Making Lifecycle Management Decisions Consciously
A recurring theme in lifecycle management is that decisions are made both consciously and unconsciously. Because of the proliferation of access devices, many businesses defer decisions and provide a de facto “best effort” service level for certain devices. In other words, the business decides not to make a decision. Best effort service level, experience suggests, almost always leads to dissatisfied end users; regardless of the service level provided, it is often considered too little and too late.
Decisions need to be made consciously! De facto standards, support, service levels, and expectations become established when end users are left to assume that what they are leveraging is correct. In lifecycle management, benign neglect is a concern.

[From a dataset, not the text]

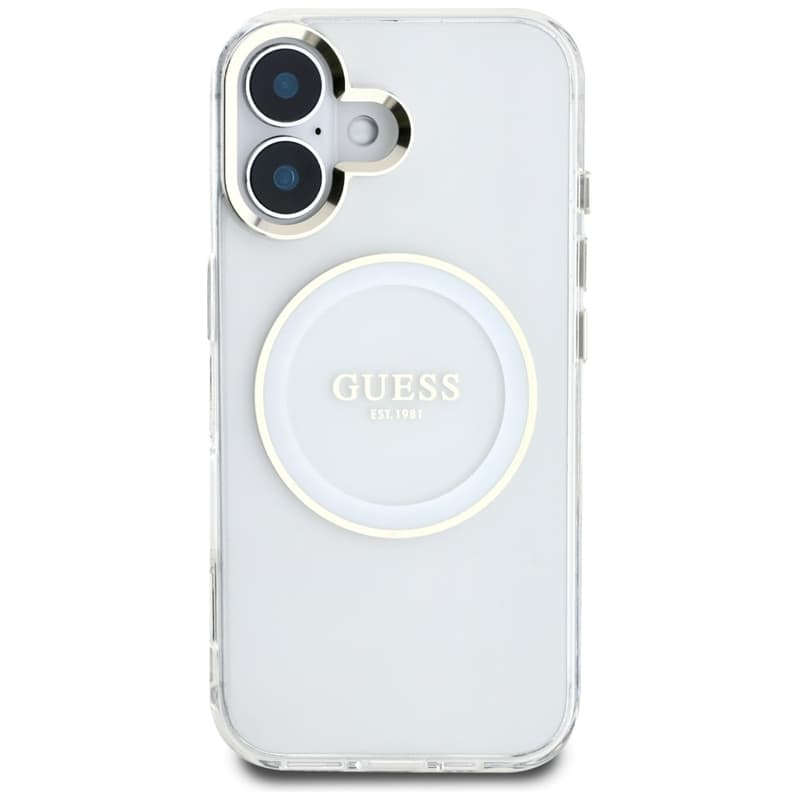 Guess IML Metal Colored Circle Classic Logo MagSafe - Case for iPhone 16 (white) 3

IT may or may not be able to approve or reject end users or organizations; however, tacit agreement in today’s highly regulated environment is simply not a good idea. Many businesses today, for example, provide “best effort” support for certain categories of handheld devices. The initial conclusion, therefore, is that the handheld devices are an acceptable company standard, and that IT is prepared to support these devices.
In lifecycle management, the implications from decisions that are made are often as important as the initial decisions themselves. In the example just cited, at what point does the best effort apply if the overall population of devices becomes significant and IT simply cannot deliver an acceptable service level? At that point, a predicament arises; after all, IT cannot go back and suggest that the devices were inappropriate in the first place.
Businesses defer lifecycle decisions for a variety of reasons, but all of the dynamics discussed in this chapter clearly suggest that decisions should be made consciously, because the information and data to be accessed is still the same.